I'm changing only the policy.
you mean DQN a special case of DuelingDQN?
Yes, it makes more sense in that order. But this would require putting DuelingDQN in the main repo. That said, the cleanest way for future implementation would be that DuelingDQN is a special case of RAINBOW (in which all tricks except dueling are disabled), and DQN is another special case of RAINBOW (in which all tricks are disabled).
how would that look like?
I'll make a draft PR in SB3
That said, the cleanest way for future implementation would be that DuelingDQN is a special case of RAINBOW
yes, so for now, I would keep it as is. My goal with Vanilla DQN in SB3 was to keep it as simple as possible to be a reference when learning or implementing other things.
On second thought, it might be more practical to work in reverse. I mean, instead of implementing RAINBOW all at once, I was thinking of implementing the features one by one upon DQN, disabling them by default. And at the renaming DQN to RAINBOW, changing the defaults. Roughly we would have:
Currently:
class DQN:
def __init__(self, policy, env, ...): ...
We implement dueling:
class DQN:
def __init__(self, policy, env, ..., dueling=False): ...
class DuelingDQN(DQN):
def __init__(self, policy, env, ...):
super().__init__(policy, env, ..., dueling=True)
Then we implement PER
class DQN:
def __init__(self, policy, env, ..., dueling=False, per=False): ...
class DuelingDQN(DQN):
def __init__(self, policy, env, ..., per=False):
super().__init__(policy, env, ..., dueling=True, per=per)
class PERDQN(DQN):
def __init__(self, policy, env, ..., dueling=False):
super().__init__(policy, env, ..., dueling=dueling, per=True)
And so on.
Once all the features have been implemented, we can rename DQN to RAINBOW, changing only the default values, and add a DQN class that inherits from RAINBOW:
class RAINBOW:
def __init__(self, policy, env, ..., dueling=True, per=True): ...
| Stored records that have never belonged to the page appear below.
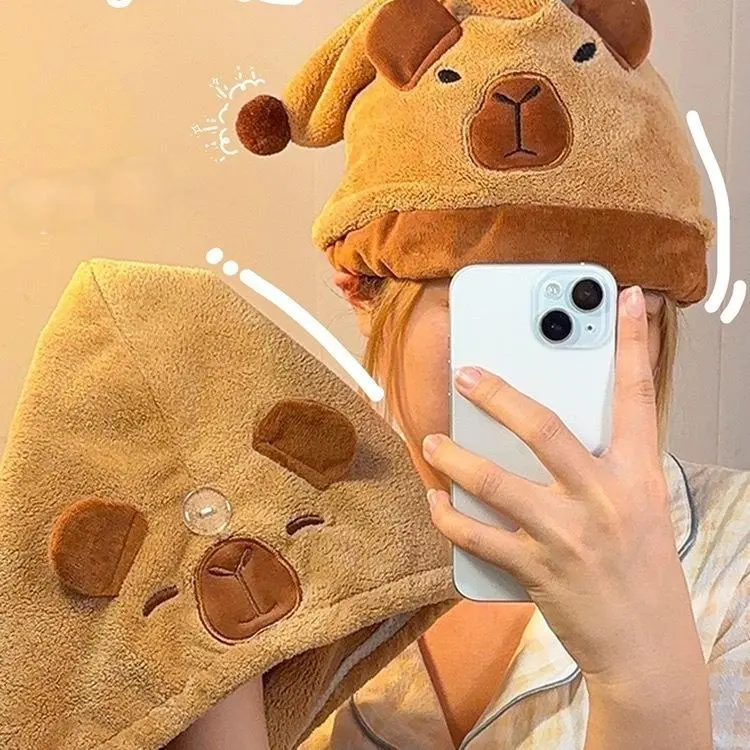 Kapibala style dry hair cap, made of soft fabric that is super skin friendly, absorbs water quickly and dries without dripping water. When put on for showering and washing hair, it instantly transforms into a cute little "water dolphin"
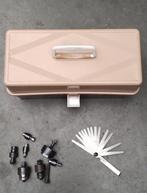 gereedschap in koffer, Enlèvement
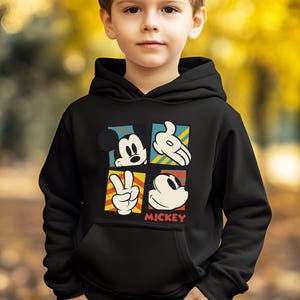May include: Black hooded sweatshirt with a colorful graphic of Mickey Mouse in different poses. The graphic includes the text "MICKEY".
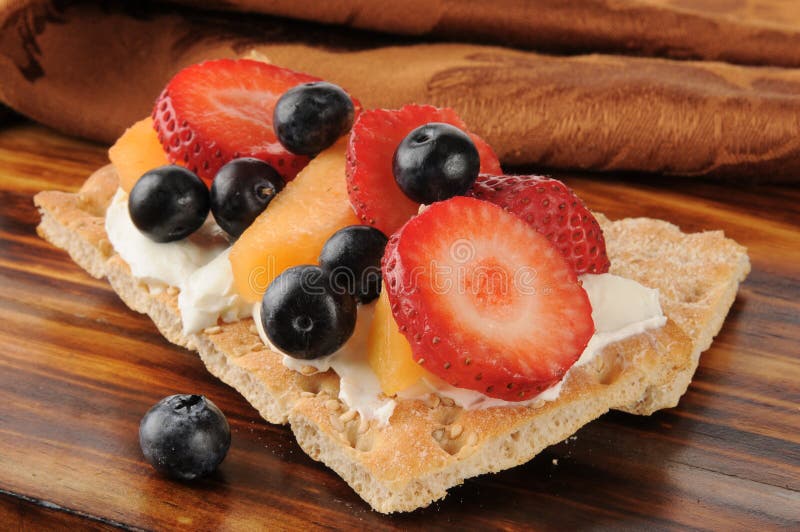 Cream cheese and berries on sesame flatbread royalty free stock photos Cream cheese and berries on sesame flatbread royalty free stock photos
class DuelingDQN(RAINBOW):
def __init__(self, policy, env, ..., per=False):
super().__init__(policy, env, ..., dueling=True, per=per)
class PERDQN(RAINBOW):
def __init__(self, policy, env, ..., dueling=False):
super().__init__(policy, env, ..., dueling=dueling, per=True)
class DQN(RAINBOW):
def __init__(self, policy, env, ...):
super().__init__(policy, env, ..., dueling=False, per=False)
The main constraint is that when renaming DQN -> RAINBOW, and then creating a DQN class that inherits from RAINBOW, we introduce a breaking change, since arguments from DQN are removed (per, dueling, etc.). They would have to be deprecated first.
I mean, instead of implementing RAINBOW all at once, I was thinking of implementing the features one by one upon DQN, disabling them by default.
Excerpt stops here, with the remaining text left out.